Stacks: I don’t advocated stacks for papers. When you stack papers, rather than organize them in file drawers or graduated file holders where you can easily see them, anything at the bottom gets buried and easily forgotten. Example: the bill that you forget about until the second notice with a late fee or penalty arrives.

Also avoid the stack method in drawers, unless you are a super diligent launderer who puts the last worn t-shirt or pair of underwear at the bottom of the stack once it’s been cleaned, you will end up wearing whatever items are on top over and over. Instead stand neatly folded items like t-shirts on edge creating a “file” of shirts in the drawer so that you can see the folded edge of each and choose the one you want. Socks, bras, jeans, yoga pants—anything that can be folded to stand up in a drawer works with this method. For floppier items like sweaters, fold with tissue to make the item stiffer for “filing.”

Stacks do work in open shelving. Jeans are especially good for stacking—they fold neatly and the folded edge makes it easy to pull out any pair you like without much readjusting of the whole stack. Stacks in open shelving work great for folded towels and bedding also.

In the garage or storage areas, stacks of labeled containers with lids are also very workable, provided the stacks aren’t too high and the heavier containers always stay on the bottom.

In deep cupboards and drawers, containerizing items in drawer dividers or on trays makes it easy to pull out a container in order to see the items at the back. Another option is to add roll out shelving, like Rev-a-Shelf brand, so that you can pull out the contents as if they were in a shallow drawer. You do lose some space at the sides, but the space you gain at the back and the ease of use usually make it worth it.

The exception to containerizing is when you have many multiples of something, like paper towels, cans of beans, boxes of broth, and other common items. In such cases, having the same item in rows all the way to the back of a cupboard is not a problem as long as you keep moving the older items to the front so that you use them first and don’t wind up with a bunch of expired soup in the back.

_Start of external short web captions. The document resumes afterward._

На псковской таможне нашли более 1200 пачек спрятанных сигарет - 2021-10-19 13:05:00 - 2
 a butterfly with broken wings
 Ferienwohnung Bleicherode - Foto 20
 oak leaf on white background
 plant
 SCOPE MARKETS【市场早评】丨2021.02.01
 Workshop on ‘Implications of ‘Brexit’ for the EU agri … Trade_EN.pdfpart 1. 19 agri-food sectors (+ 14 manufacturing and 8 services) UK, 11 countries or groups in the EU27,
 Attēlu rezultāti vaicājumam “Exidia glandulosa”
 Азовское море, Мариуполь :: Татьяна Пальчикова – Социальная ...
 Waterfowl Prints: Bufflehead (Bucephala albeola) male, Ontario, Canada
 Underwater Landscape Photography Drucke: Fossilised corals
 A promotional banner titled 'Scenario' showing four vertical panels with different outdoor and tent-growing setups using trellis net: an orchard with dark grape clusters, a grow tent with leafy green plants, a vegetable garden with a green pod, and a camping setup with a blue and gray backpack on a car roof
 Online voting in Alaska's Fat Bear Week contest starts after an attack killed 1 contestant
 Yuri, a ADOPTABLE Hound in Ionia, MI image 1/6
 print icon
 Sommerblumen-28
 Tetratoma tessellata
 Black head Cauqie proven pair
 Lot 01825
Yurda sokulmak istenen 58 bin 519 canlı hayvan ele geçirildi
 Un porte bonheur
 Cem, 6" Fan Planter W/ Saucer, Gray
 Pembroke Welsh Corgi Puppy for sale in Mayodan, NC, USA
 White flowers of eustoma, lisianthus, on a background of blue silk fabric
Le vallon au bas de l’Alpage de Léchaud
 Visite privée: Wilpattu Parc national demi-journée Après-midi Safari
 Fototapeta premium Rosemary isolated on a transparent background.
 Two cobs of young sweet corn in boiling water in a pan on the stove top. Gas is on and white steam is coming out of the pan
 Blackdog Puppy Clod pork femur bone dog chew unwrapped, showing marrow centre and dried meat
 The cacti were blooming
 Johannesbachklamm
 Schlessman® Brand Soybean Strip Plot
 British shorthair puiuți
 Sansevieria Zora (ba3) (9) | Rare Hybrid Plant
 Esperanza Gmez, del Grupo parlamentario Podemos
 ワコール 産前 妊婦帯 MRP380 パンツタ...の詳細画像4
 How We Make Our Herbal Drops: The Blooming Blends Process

Going vertical can help if you have a jumble of stuff on the floor as in a pantry or garage or clothes closet. Wire metal shelves are easy to put together and can be very reasonably priced. They work incredibly well in pantries. In a garage, add casters so that they can be easily moved around for sweeping as needed.

In clothes closets, shoe shelving to organize and get a pile of shoes off the ground is a huge leap forward for a lot of people. It’s amazing how something so simple and inexpensive can be so satisfying and helpful. I like the wire mesh shoe shelves from the Container Store.

A lot of people have a basket or a pile of shoes at the front door, and this is another area that can benefit from shoe shelves to make things easier to locate.

When you’re organized, something that continually gets moved to the bottom of the stack (the too tight jeans) or the back of the cupboard (that can of artichoke hearts) makes it easier to make a decision to lighten up and let it go.